__Stored data entries__
-----
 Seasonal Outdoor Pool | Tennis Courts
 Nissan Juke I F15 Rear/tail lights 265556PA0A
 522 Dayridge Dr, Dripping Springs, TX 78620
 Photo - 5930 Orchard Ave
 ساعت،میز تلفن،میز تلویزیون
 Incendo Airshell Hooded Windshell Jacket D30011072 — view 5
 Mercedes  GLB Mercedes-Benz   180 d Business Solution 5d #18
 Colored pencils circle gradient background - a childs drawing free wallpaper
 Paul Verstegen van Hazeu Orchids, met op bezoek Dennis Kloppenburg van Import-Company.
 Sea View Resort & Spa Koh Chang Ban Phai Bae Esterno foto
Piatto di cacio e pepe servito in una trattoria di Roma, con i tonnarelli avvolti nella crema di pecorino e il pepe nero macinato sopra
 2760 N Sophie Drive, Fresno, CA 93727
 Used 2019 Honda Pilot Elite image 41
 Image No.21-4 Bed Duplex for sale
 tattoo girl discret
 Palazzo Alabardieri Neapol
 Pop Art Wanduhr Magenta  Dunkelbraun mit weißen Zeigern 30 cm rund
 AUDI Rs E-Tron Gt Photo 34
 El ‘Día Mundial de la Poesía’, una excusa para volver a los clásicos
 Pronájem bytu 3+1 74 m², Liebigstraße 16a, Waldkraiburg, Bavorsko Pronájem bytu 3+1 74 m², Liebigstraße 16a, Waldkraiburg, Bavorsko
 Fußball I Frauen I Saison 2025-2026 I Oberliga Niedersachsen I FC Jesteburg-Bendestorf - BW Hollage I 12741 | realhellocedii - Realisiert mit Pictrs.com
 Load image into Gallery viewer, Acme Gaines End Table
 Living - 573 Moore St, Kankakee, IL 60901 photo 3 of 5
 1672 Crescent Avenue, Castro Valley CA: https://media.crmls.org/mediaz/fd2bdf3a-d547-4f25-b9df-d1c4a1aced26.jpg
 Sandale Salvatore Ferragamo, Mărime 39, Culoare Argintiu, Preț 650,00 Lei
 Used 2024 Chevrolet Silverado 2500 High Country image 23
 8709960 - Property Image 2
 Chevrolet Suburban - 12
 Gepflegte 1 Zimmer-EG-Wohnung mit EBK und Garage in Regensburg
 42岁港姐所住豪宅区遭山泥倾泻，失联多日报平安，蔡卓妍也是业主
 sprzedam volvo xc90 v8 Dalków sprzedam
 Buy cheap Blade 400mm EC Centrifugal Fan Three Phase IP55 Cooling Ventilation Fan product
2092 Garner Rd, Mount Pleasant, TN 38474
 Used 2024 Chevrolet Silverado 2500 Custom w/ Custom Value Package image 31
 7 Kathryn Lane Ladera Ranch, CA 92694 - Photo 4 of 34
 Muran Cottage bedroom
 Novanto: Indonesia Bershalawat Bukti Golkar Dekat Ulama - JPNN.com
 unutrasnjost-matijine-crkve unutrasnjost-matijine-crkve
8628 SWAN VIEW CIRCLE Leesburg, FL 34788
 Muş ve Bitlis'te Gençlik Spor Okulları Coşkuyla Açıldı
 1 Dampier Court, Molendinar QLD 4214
-----
__Exercise__
Go through the records. Copy each line where "Used" appears.

__Exercise output__
 Used 2019 Honda Pilot Elite image 41
 Used 2024 Chevrolet Silverado 2500 High Country image 23
 Used 2024 Chevrolet Silverado 2500 Custom w/ Custom Value Package image 31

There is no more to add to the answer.